Are we going down the wrong road in our fight against corruption?



Stephon Grey, Specialist in Forensic and Fraud Auditing, at a Procurement Forum held by APEX (Anointed Professionals Exhibiting Excellence) of the Divine Destiny Worship Centre Church in Diego Martin Trinidad suggested a critical role for the Inland Revenue in stamping out corruption.  He noted that Al Capone who was an American gangster was not caught on racketeering offences but on tax issues. 

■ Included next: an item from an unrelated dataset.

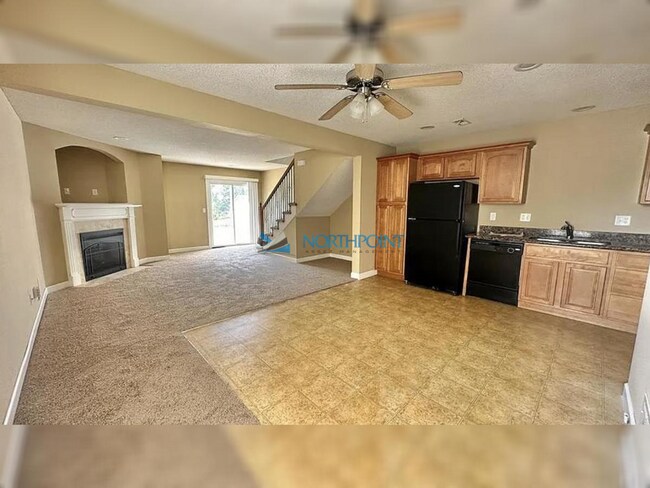 Building Photo - Fantastic 3BR 2.5 BA Home w/ Granite + Garage in Blue Springs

An article entitled “Why was tax evasion the only thing pinned on Al Capone?” by Howstuff Works shed some light on the situation. Let us look a little at the article on Capone and see if there are any  lessons that we can learn and parallels in the Caribbean. 

The article noted that:

    Capone was careful; the Treasury Department described him as possessing a "natural Italian secretiveness" [source: IRS]. He managed to create plausible deniability, removing himself enough from the violence and illegality so that no connections could be drawn between him and the crimes he authorized.

There's no telling how many people died by his hand or his command. But when it came down to it, the federal prosecutors who worked for years to build a case against Scarface could only pin charges of tax evasion on the gangster.

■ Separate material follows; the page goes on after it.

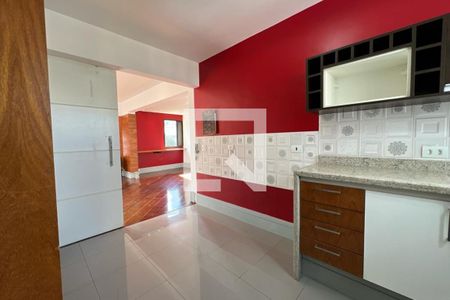 Apartamento à venda com 130m², 3 quartos e 3 vagas Apartamento à venda com 130m², 3 quartos e 3 vagasCozinha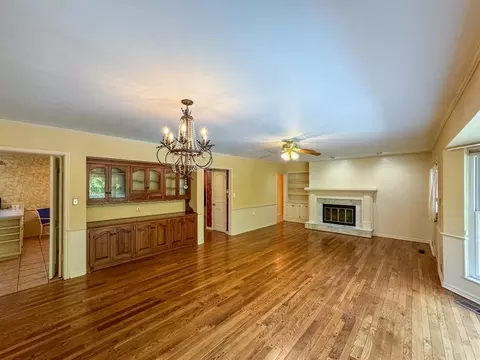 Living - 1218 Benson Dr, Norman, OK 73071 photo 3 of 11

Capone was equally careful about keeping his illegal earnings hidden. He endorsed only one check in his lifetime, and he never had a bank account in his own name. With the exception of that one check (for proceeds from a gambling racket), Capone dealt exclusively in cash.

He was further protected by the fact that witnesses were unwilling to testify against him. There were, of course, more than enough people with knowledge of Capone's direct involvement in crime. But those close to him were loyal to Capone or feared death. And the residents, police and local prosecutors in Chicago felt the same way.

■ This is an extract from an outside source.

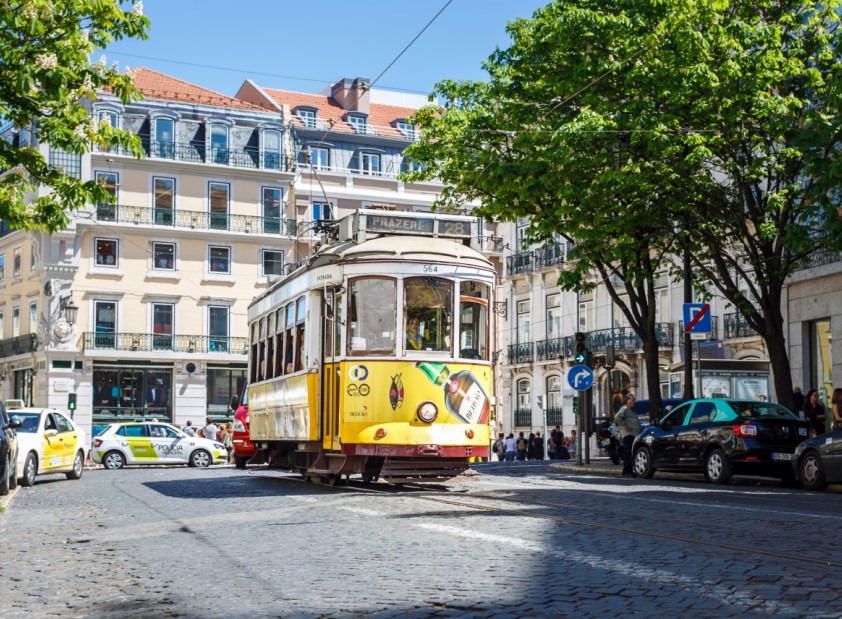 Вкусные Традиции и Тук-Тук Тур в Лиссабоне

Capone was liberal with both bribes and threats.


Does the above suggest parallels in Trinidad and Tobago? 

How success came?

    The FBI worked in conjunction with the Treasury Department and the Internal Revenue Service to dig up dirt on the gangster. Eventually, they found enough to convict him. The check he endorsed, along with testimony from the very few witnesses the feds could persuade to testify, provided enough evidence to put Capone away.

   He was ultimately found guilty of evasion for not paying taxes on his ill-gotten wealth.


The article of the success that came begs the following questions:

Should we concentrate on tax reform,whistle blowing legislation and strengthening     the systems for protection of witnesses?

Should we review and improve systems in place in the Inland Revenue department to deal with illegal earnings?

Should we put in place a mechanism for joint work among the relevant agencies to deal with the issue of illegal earnings?

Should we look at available legislation and determine changes needed so that we can more effectively address the issue of ill-gotten wealth.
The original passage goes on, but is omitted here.